#### Requirement:
The whole listing, exactly as given: write it out, leaving out each image.

#### Source data:
-.-.-

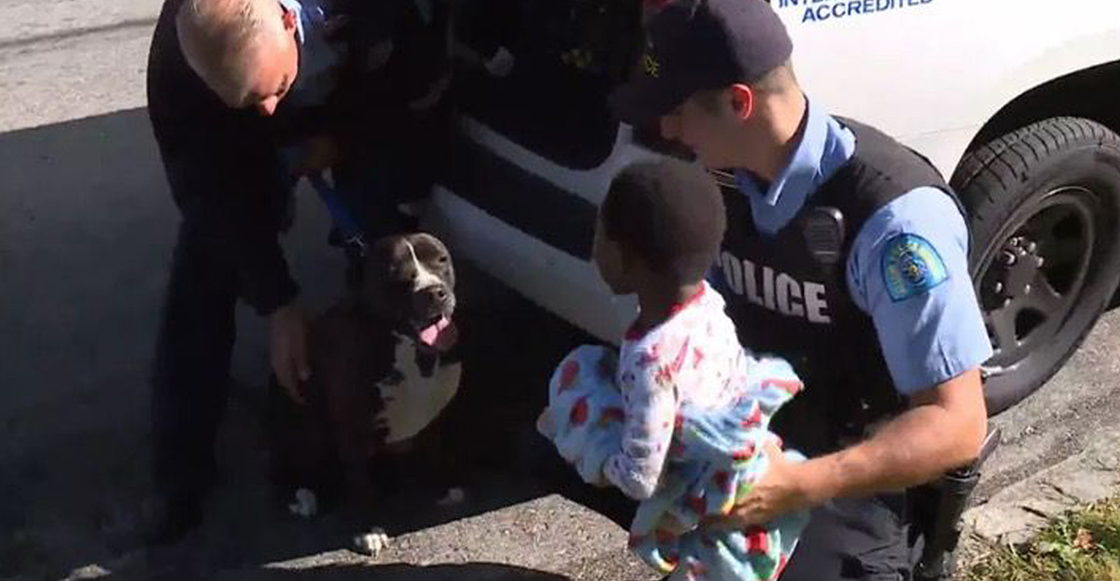 Perrito callejero cuida a un niño que estaba perdido hasta que su papá lo encontró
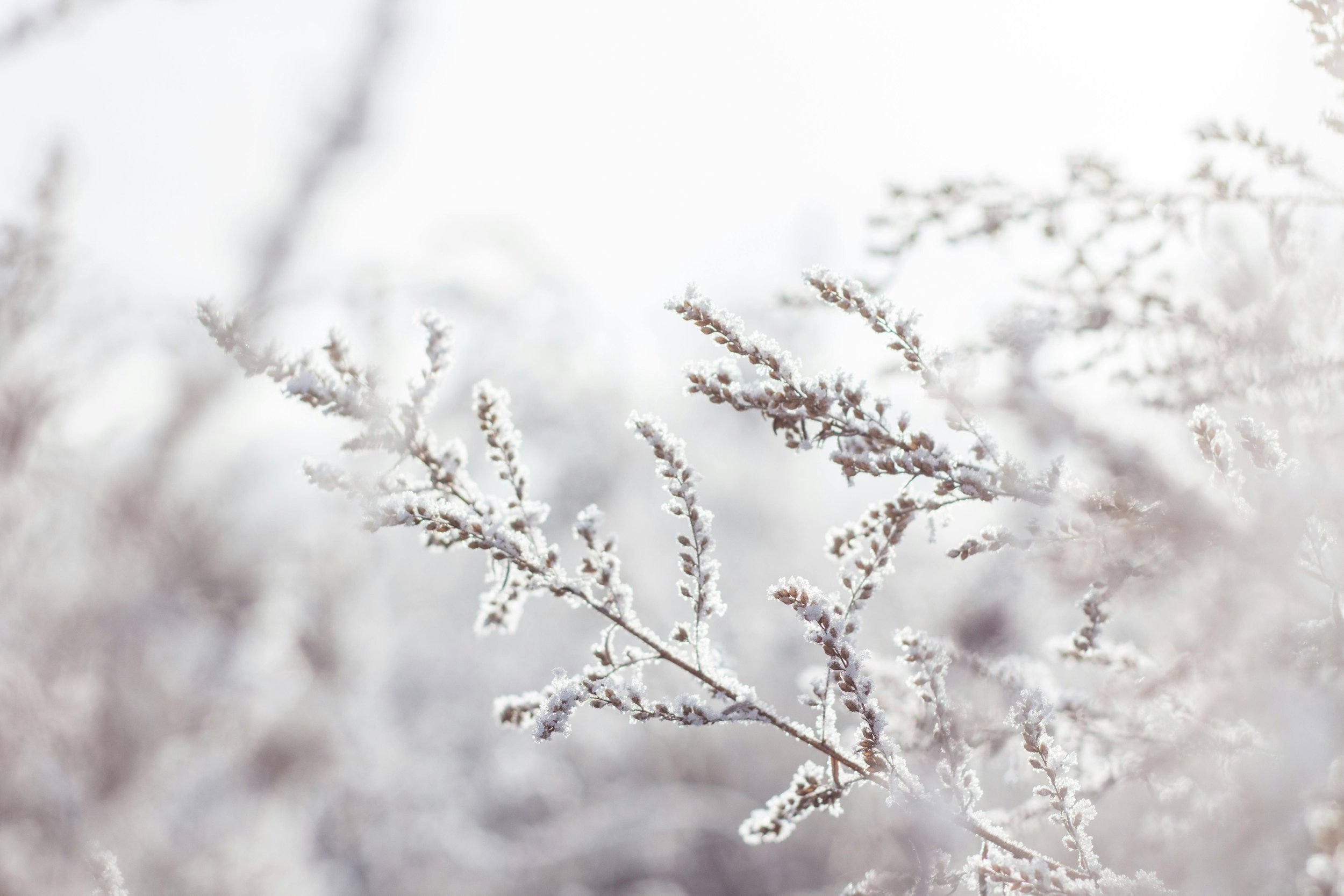 Winter Skin Care Tips from Pure Eco Spa &amp; Boutique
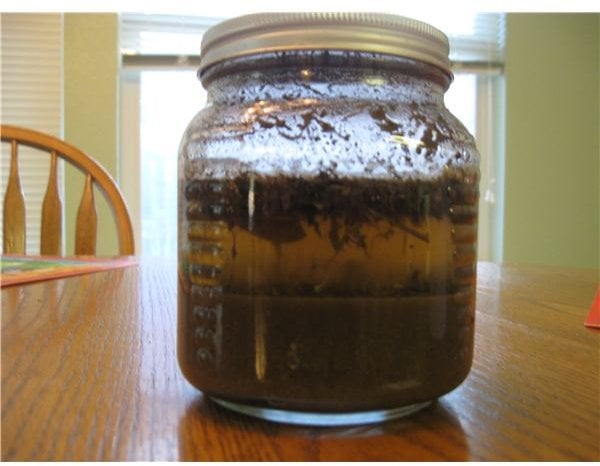 Soil Testing The Pioneer Way (No Equipment Needed)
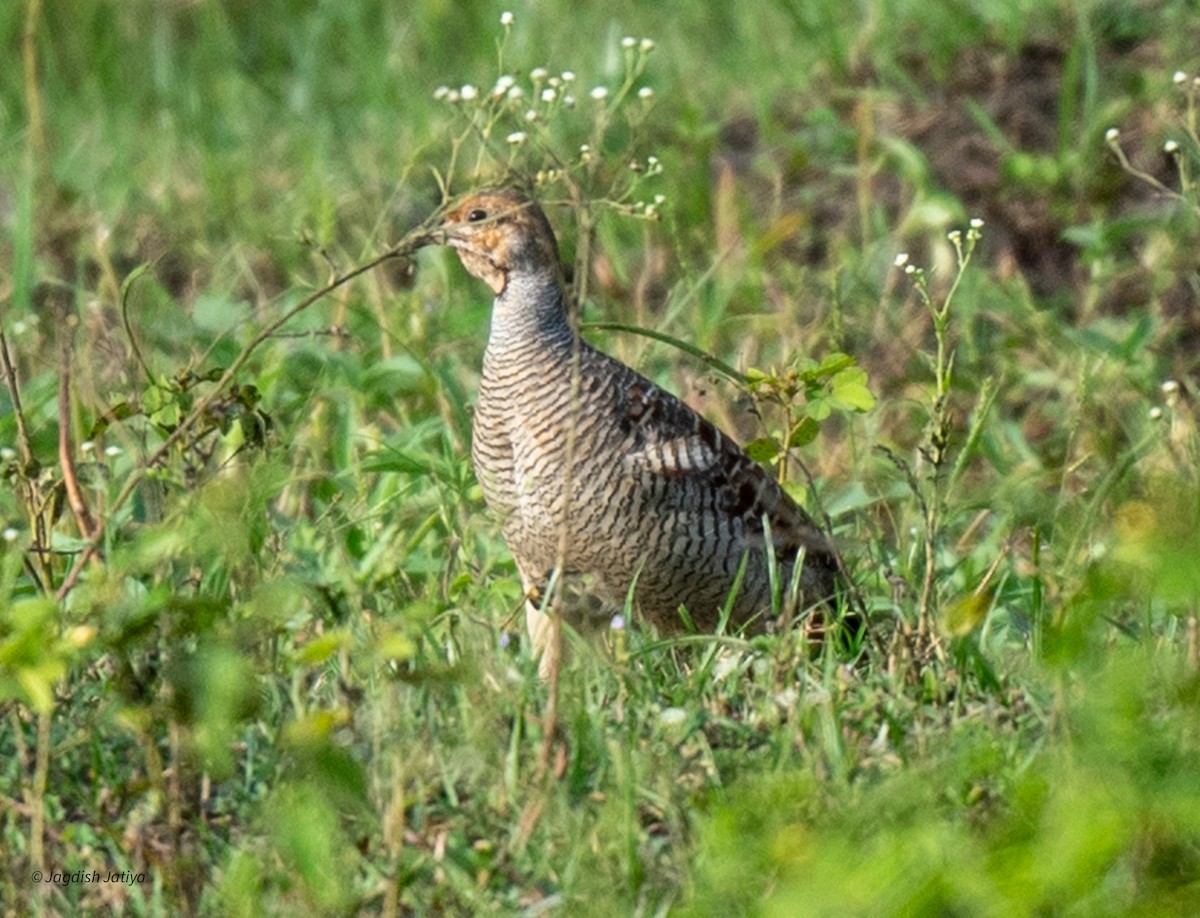 Gray Francolin - ML624420710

-.-.-

#### Response box:
 Perrito callejero cuida a un niño que estaba perdido hasta que su papá lo encontró
 Winter Skin Care Tips from Pure Eco Spa &amp; Boutique
 Soil Testing The Pioneer Way (No Equipment Needed)
 Gray Francolin - ML624420710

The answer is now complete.